═════ EXERCISE DATA ═════

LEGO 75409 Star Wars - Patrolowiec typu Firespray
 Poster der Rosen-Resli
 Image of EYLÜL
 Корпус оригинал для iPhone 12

═════
═════ EXERCISE DATA ═════

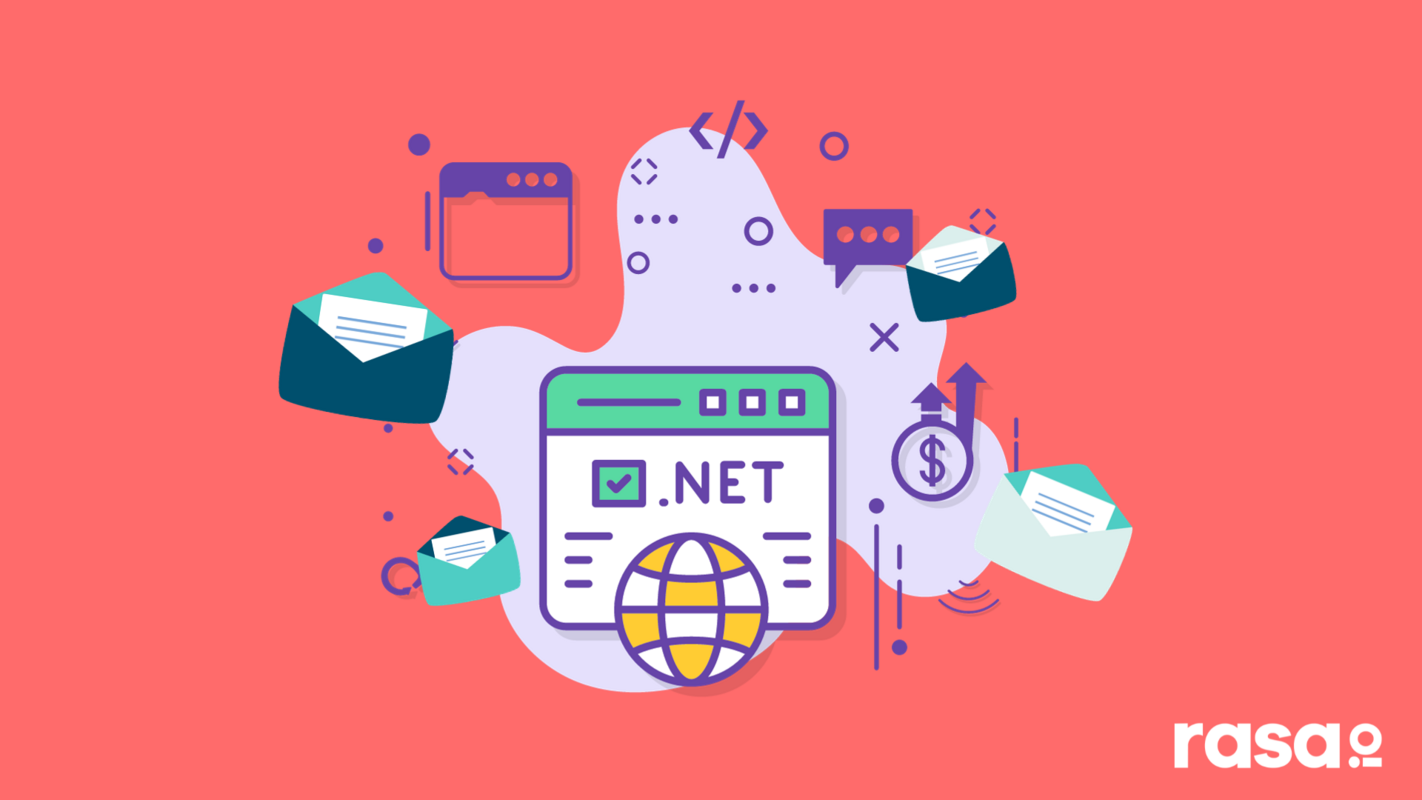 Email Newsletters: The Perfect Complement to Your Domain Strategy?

═════

◆ THE TASK: Of the entries above, repeat exactly the lines from the line with "LEGO 75409 Star" through the line with "Корпус оригинал для iPhone 12", both of them included.

◆ ANSWER SPACE:
LEGO 75409 Star Wars - Patrolowiec typu Firespray
 Poster der Rosen-Resli
 Image of EYLÜL
 Корпус оригинал для iPhone 12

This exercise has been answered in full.